- Moolort
- Coordinates: 37°05′S 143°56′E﻿ / ﻿37.083°S 143.933°E
- Population: 44 (2021 census)
- • Density: 0.464/km^{2} (1.201/sq mi)
- Established: 1855
- Postcode(s): 3465
- Elevation: 250 m (820 ft)
- Area: 94.9 km^{2} (36.6 sq mi)
- Time zone: AEST (UTC+10)
- • Summer (DST): AEDT (UTC+11)
- LGA(s): Shire of Central Goldfields; Mount Alexander Shire;
- State electorate(s): Ripon
- Federal division(s): Mallee

= Moolort =

Moolort is a locality in the Shire of Central Goldfields and the Shire of Mount Alexander, Victoria, Australia. At the , Moolort had a population of 44.

== Industry ==
The main industry is currently agriculture with sheep and crop farming being the most prevalent although over the last 15 years some smaller farms have started growing grapes for wine and conifers for Christmas trees. In the past however, Moolort was a large gold mining area which at one point had rivalled other local mining towns in the area for population. There is one mine on the outskirts of Moolort that currently mines vivianite and siderite.

== Goldfields ==
Due to a mistake with calculations, the first shaft of the Moolort mines was sunk approximately 6,000 ft to the west of the main lead; this meant that the miners had to dig across to the lead while underground after already having dug down to 284 ft, until a new shaft was sunk. This new shaft was at Keystone and allowed the mines to extract material closer to its source. But the heads of the mining companies did not believe that colonial workmanship was up to the task of constructing the equipment that was needed, especially the water pumps. The pumps were needed to clear water from the mines as a water basin is under a large part of the Moolort plains; at the height of operations the mines were pumping out 20,000,000 gallons (91 megalitres) of water every day. This led them to buy the equipment from London in England as well as from the United States at a price of £500,000 at a time when gold was selling for about £2 per ounce. It was this excessive capitalisation that ultimately led to the downfall of the Moolort mines as even though the mines were quite rich they were never able to pay dividends.

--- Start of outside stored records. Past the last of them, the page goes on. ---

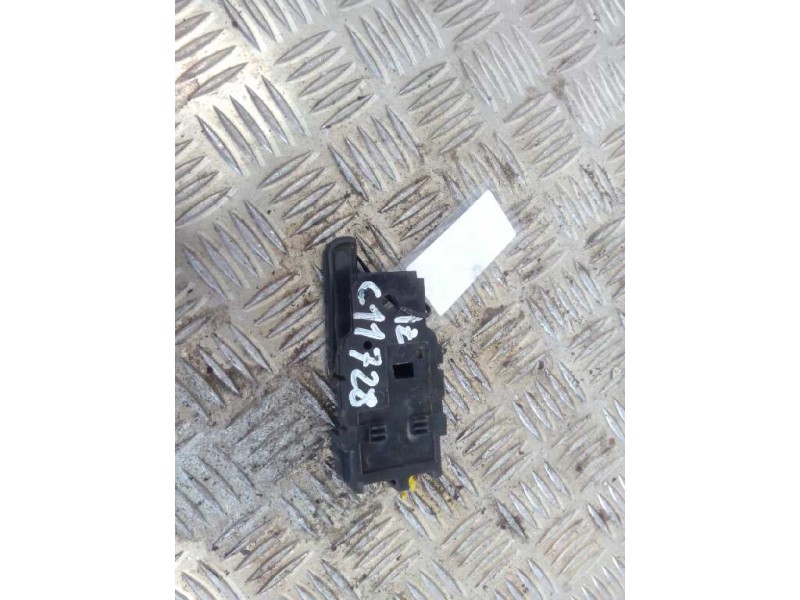 Recambio de maneta interior delantera izquierda para nissan trucks atleon 120 referencia OEM IAM   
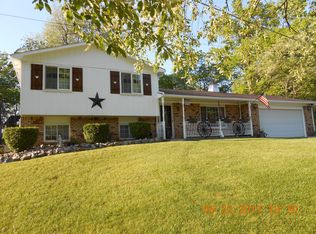 3601 Wood Point Dr, Ortonville, MI 48462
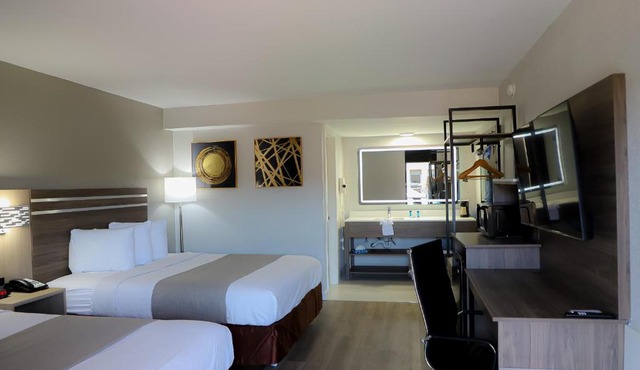 Airport Inn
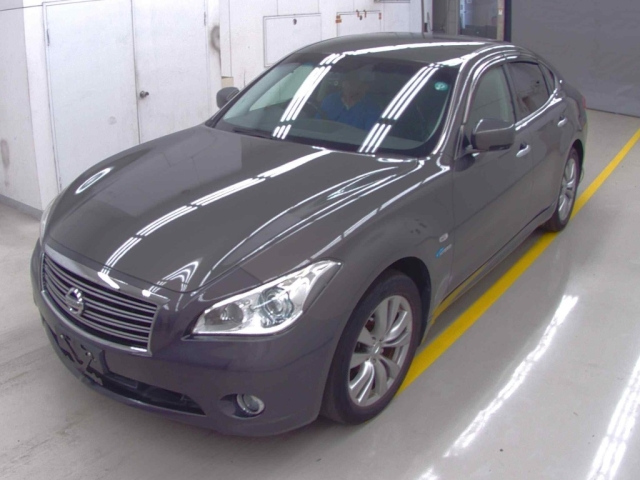 NISSAN FUGA 2012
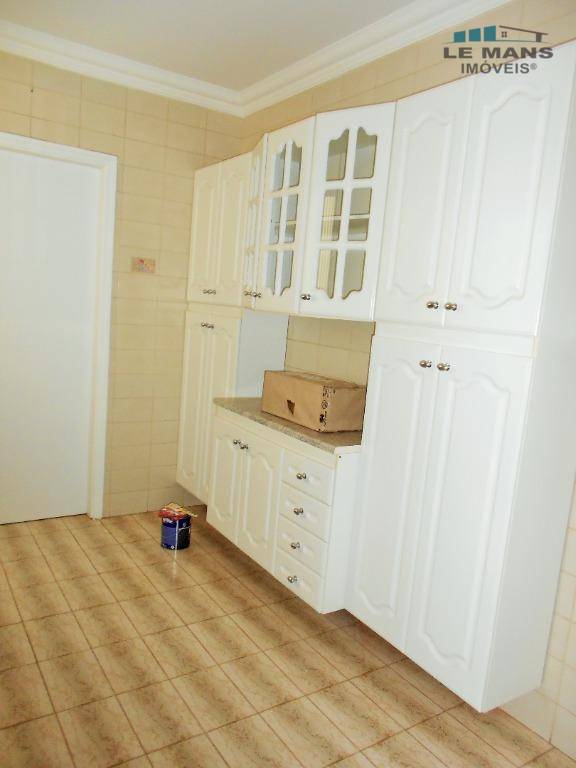 Apartamento à venda com 3 quartos, 120m² - Foto 2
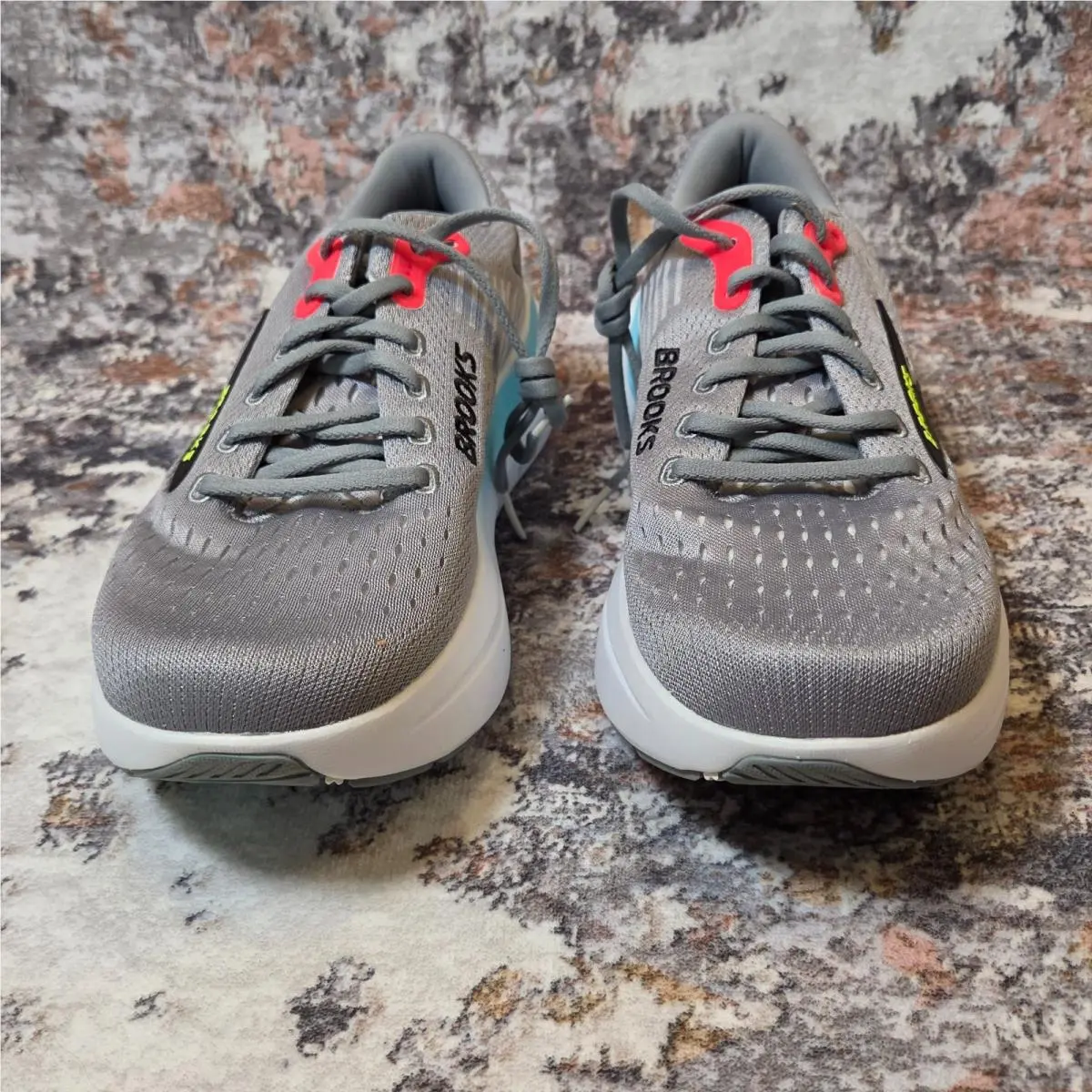 Brooks shoes - Brooks Ghost Max 3 - Ghost Max - Primer Grey/Antarctica/Red 4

The mines around Moolort were significant because they were the first deep lead mines in the Maldon Mining Division and among the first to use electrical power.

Victorian Colonial Government "Electric Light and Power Act 1896" Report Archives reveal that the Deep Leads Electric Transmission Company was formed and was approved by the Government (under Electric Supply Order-In-Council #14) in 1899, to build and operate a substantial private Electric Supply Undertaking serving the mines of Charlotte Plains, New Havilah, Junction Deep Leads and Victorian Deep Leads in Moolort. The records advise that the main purpose of the electrical undertaking was to operate the pumps to de-water the mining operations and to provide lighting. These records also indicate that this electrical operation ceased in July 1909.

According to Bannear (1993), many of Moolort's mines hold cultural significance due to the difficulties experienced in running deep lead mines as well as the various means used to extract water from the mines to keep them dry and relatively safe.

Most of the gold mines were closed by 1906, with the last of the equipment and property being sold off by 1916. The tailings were sold to the State Rivers Board for use as road base. Between 1905 and 1925 Moolort's population shrank quite quickly. A town that once had twenty-eight pubs and three post offices became little more than a village that could no longer even field a football team. In the next fifty years even the state school, general store and the last post office were closed, with locals having to travel 12 km to Carisbrook or sixteen (10 miles) to Newstead for their needs.

== Topography ==
Most of Moolort consists of basaltic soil laid down by the eruption of Bald Hill approximately 10,000 years ago. Most of Moolort consists of low, rolling plains although there are at least three unnamed hills. At the southern end of Moolort Long Swamp is the only major wetlands. Towards the east, the Cairn Curran reservoir was formed between the basalt of Moolort and the granite formations of the Maldon area.

Sheoak Hill or Mt Moolort (difference of opinion on its name) is a volcanic crater, north of the Pyrenees Highway and east of the Baringhup-Moolort Rd., is more probably the source of the basalt of the Moolort Plains. This crater is on private property and can't be seen from the roads, it appears as a small hill or rise from the Highway.

There are approximately 50 wetlands scattered across the plains.